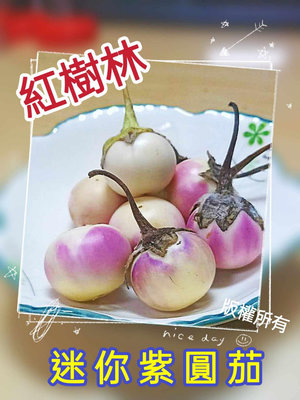 【紅樹林】迷你紫圓茄.綠花茄(種子)~每份20粒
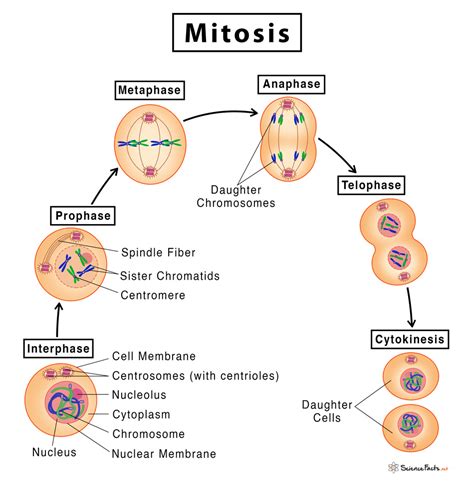 Stages Of Mitosis Diagram Labeled | Images and Photos finder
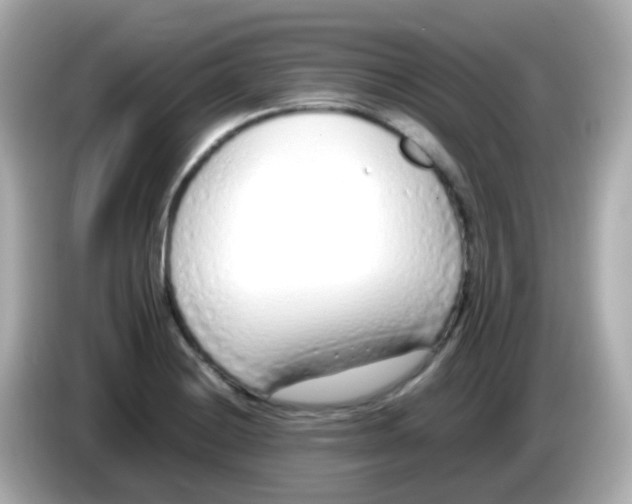 X0000085791228200704091424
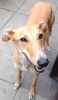 Filename : image~9.jpg
Filesize : 66KB
Dimensions : 558x960
Date added : Aug 28, 2013 image~9.jpg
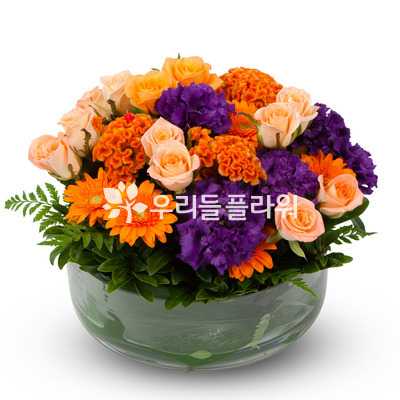 알록~ 달록~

════

Within the entries above, the lines from the one with "Stages Of Mitosis" through the final line are to be printed exactly, with the pictures removed.

SOLVED EXERCISE>
 Stages Of Mitosis Diagram Labeled | Images and Photos finder
 X0000085791228200704091424
 Filename : image~9.jpg
Filesize : 66KB
Dimensions : 558x960
Date added : Aug 28, 2013 image~9.jpg
 알록~ 달록~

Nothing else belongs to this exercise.